Slave Interface: eth1
MII Status: up
Speed: 100 Mbps
Duplex: full
Link Failure Count: 0
Permanent HW addr: 00:19:5b:6b:53:22
Slave queue ID: 0





So the bonding mode is, fault tolerance, and the interface eth1 is the active slave behind the bond0 interface.

# ifconfig
bond0     Link encap:Ethernet  HWaddr 00:1C:C0:3E:4B:7E 
          inet addr:192.168.1.33  Bcast:0.0.0.0  Mask:255.255.255.0
          inet6 addr: fe80::21c:c0ff:fe3e:4b7e/64 Scope:Link
          UP BROADCAST RUNNING MASTER MULTICAST  MTU:1500  Metric:1
          RX packets:9758 errors:0 dropped:0 overruns:0 frame:0
          TX packets:7774 errors:0 dropped:0 overruns:0 carrier:0
          collisions:0 txqueuelen:0
          RX bytes:5579137 (5.3 MiB)  TX bytes:2026631 (1.9 MiB)

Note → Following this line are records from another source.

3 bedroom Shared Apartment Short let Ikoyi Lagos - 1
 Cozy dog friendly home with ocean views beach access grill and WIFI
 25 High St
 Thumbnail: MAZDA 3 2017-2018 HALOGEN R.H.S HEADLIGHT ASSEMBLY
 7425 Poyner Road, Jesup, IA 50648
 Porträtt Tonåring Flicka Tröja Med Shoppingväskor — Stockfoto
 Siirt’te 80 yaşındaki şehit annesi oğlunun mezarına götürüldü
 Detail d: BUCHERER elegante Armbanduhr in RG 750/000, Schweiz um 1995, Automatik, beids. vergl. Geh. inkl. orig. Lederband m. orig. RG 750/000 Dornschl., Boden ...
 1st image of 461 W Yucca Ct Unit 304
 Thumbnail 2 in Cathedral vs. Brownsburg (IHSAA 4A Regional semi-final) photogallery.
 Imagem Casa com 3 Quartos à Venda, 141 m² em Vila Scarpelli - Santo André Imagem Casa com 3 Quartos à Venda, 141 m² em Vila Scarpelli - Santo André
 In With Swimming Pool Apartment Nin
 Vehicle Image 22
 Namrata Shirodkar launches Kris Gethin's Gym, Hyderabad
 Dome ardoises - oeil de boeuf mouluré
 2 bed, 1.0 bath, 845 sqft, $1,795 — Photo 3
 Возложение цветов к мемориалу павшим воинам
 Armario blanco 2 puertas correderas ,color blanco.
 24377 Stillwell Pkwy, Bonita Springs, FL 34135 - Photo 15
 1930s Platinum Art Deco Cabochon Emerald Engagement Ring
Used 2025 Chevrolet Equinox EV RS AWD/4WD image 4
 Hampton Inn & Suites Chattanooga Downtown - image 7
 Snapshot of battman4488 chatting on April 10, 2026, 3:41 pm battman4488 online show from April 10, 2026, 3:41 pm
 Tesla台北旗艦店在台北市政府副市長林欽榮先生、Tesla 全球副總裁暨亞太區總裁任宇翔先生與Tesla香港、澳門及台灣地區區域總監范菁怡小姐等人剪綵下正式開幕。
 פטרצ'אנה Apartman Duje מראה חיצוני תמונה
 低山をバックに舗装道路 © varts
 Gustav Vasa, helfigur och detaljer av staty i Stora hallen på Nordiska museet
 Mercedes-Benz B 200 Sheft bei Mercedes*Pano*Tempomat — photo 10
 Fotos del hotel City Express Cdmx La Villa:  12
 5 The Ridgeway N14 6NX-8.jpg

eth0      Link encap:Ethernet  HWaddr 00:1C:C0:3E:4B:7E 
          UP BROADCAST RUNNING SLAVE MULTICAST  MTU:1500  Metric:1
          RX packets:1320 errors:0 dropped:0 overruns:0 frame:0
          TX packets:23 errors:0 dropped:0 overruns:0 carrier:0
          collisions:0 txqueuelen:1000
          RX bytes:104657 (102.2 KiB)  TX bytes:3815 (3.7 KiB)
          Interrupt:29 Base address:0xe000

eth1      Link encap:Ethernet  HWaddr 00:1C:C0:3E:4B:7E 
          UP BROADCAST RUNNING SLAVE MULTICAST  MTU:1500  Metric:1
          RX packets:8438 errors:0 dropped:0 overruns:0 frame:0
          TX packets:7751 errors:0 dropped:0 overruns:0 carrier:0
          collisions:0 txqueuelen:1000
          RX bytes:5474480 (5.2 MiB)  TX bytes:2022816 (1.9 MiB)
          Interrupt:17 Base address:0x2000

lo        Link encap:Local Loopback 
          inet addr:127.0.0.1  Mask:255.0.0.0
          inet6 addr: ::1/128 Scope:Host
          UP LOOPBACK RUNNING  MTU:16436  Metric:1
          RX packets:210 errors:0 dropped:0 overruns:0 frame:0
          TX packets:210 errors:0 dropped:0 overruns:0 carrier:0
          collisions:0 txqueuelen:0
          RX bytes:23293 (22.7 KiB)  TX bytes:23293 (22.7 KiB)

venet0    Link encap:UNSPEC  HWaddr 00-00-00-00-00-00-00-00-00-00-00-00-00-00-00-00 
          inet6 addr: fe80::1/128 Scope:Link
          UP BROADCAST POINTOPOINT RUNNING NOARP  MTU:1500  Metric:1
          RX packets:660 errors:0 dropped:0 overruns:0 frame:0
          TX packets:834 errors:0 dropped:3 overruns:0 carrier:0
          collisions:0 txqueuelen:0
          RX bytes:88089 (86.0 KiB)  TX bytes:75317 (73.5 KiB)




# route -n
Kernel IP routing table
Destination     Gateway         Genmask         Flags Metric Ref    Use Iface
192.168.2.101   0.0.0.0         255.255.255.255 UH    0      0        0 venet0 192.168.1.0     0.0.0.0         255.255.255.0   U     0      0        0 bond0
0.0.0.0         192.168.1.1     0.0.0.0         UG    0      0        0 bond0


# ip route show
192.168.2.101 dev venet0  scope link 
192.168.1.0/24 dev bond0  proto kernel  scope link  src 192.168.1.33
default via 192.168.1.1 dev bond0








To verify whether the failover bonding works..

  Bring down eth1 and check /proc/net/bonding/bond0 and check the "Current
Active Slave"

    Do a continuous ping to the bond0 ipaddress from a different machine and
bring down the active slave interface, eth1. The ping should not break.